I decided to make it for Tapas this week. And ummm, I think I should have labeled the bowl it was in, cause a lot of people thought it was a dessert. It did look all creamy and gooey.
Oh well, I have quite a bit left and it will be eaten this week.
The one my brother made was a lot lighter as well, and I liked the taste better as well. I followed the recipe as written, except for the mustard powder, I kinda screwed up on that. Cause when I tasted it, like any good cook should, I decided it needed more, and while it was good, it really didn't need the extra.
Did. Not. Need. The. Extra. Mustard.
I cook and make mistakes too, and I'm sharing the good and the whoops with you.
I bought some baby potatoes in the 'big city' last week, and decided they would be perfect for this. They were a mixture of red, yellow and purple potatoes. But I just decided to use the red and yellow potatoes, cause the purple ones looked, well, they just looked like they might not have gone all that well with the rest. And besides which, they tasted good, fried up in a pan, with a little ketchup.
Look how pretty the colors are, the red potatoes made a pink potato and the yellow, well, they stayed yellow. I elected to not put in the baby blue/purple potatoes as I wanted to eat them on my own. And I thought they might look kinda odd.
I then minced up half a very large shallot.
Folded the cut potatoes into it, and placed it in the fridge.
But I served it with a couple 'scapes' to decorate the top.
Next time though, I won't add extra mustard powder. sigh. But I will add a touch of sugar to it.
Danish Potato Salad
- 2 lbs. new red and yellow potatoes, cooked. Peeled if desired
- 1/2 cup Creme Fraiche
- 1/4 cup light sour cream
- 2 tablespoons Rice Wine or White Wine Vinegar
- 1 teaspoon salt (optional)
- 1/2 teaspoon Colman's mustard powder
- 1 small Shallot, minced
- 1-2 tablespoons Garlic Scapes or chopped Chives
- 1/2 teaspoon sugar (optional)
- Cook and peel the potatoes, then cut into thirds if using small new potatoes. Or do a nice dice on them.

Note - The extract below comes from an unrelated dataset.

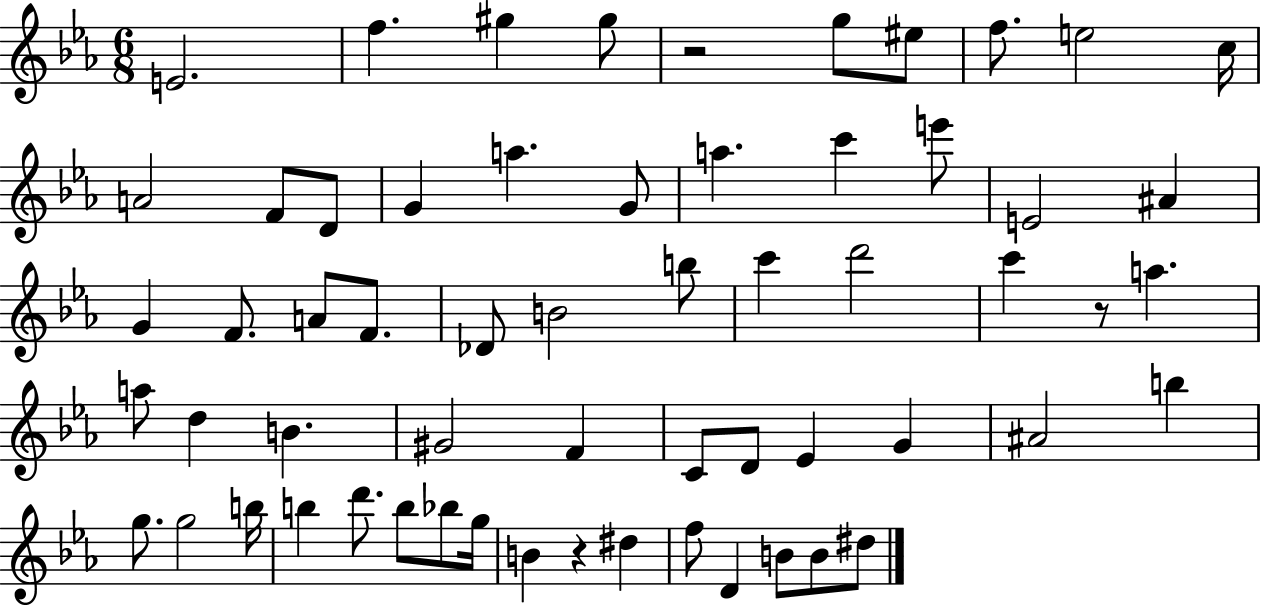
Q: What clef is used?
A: treble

- Mince the shallot, set aside.
- Whisk together the Creme Fraiche, Sour Cream, Vinegar and Mustard Powder. (add the salt here if using it).

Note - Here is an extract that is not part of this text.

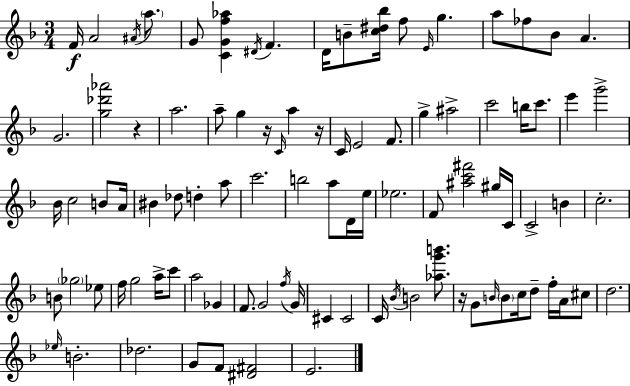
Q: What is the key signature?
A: D minor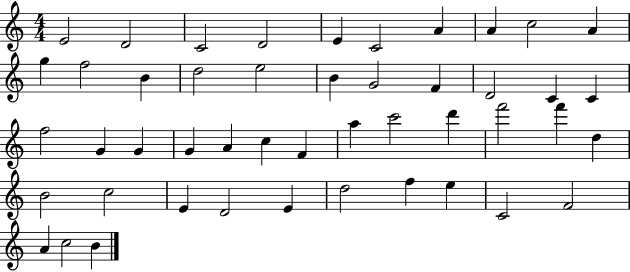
E4/h D4/h C4/h D4/h E4/q C4/h A4/q A4/q C5/h A4/q G5/q F5/h B4/q D5/h E5/h B4/q G4/h F4/q D4/h C4/q C4/q F5/h G4/q G4/q G4/q A4/q C5/q F4/q A5/q C6/h D6/q F6/h F6/q D5/q B4/h C5/h E4/q D4/h E4/q D5/h F5/q E5/q C4/h F4/h A4/q C5/h B4/q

- Place the potatoes and minced shallots in a bowl, add the garlic scapes or chives.
- Pour the dressing over the potato mixture and toss gently to combine. Place in the fridge for a few hours for the flavors to get acquainted.
- When ready to serve, place the potato salad in a pretty bowl and decorate with either chopped chives or a couple of garlic scapes.
- Please be aware that mixing the vinegar together with the sour cream/ Creme Fraiche will cause it to thicken quite a bit.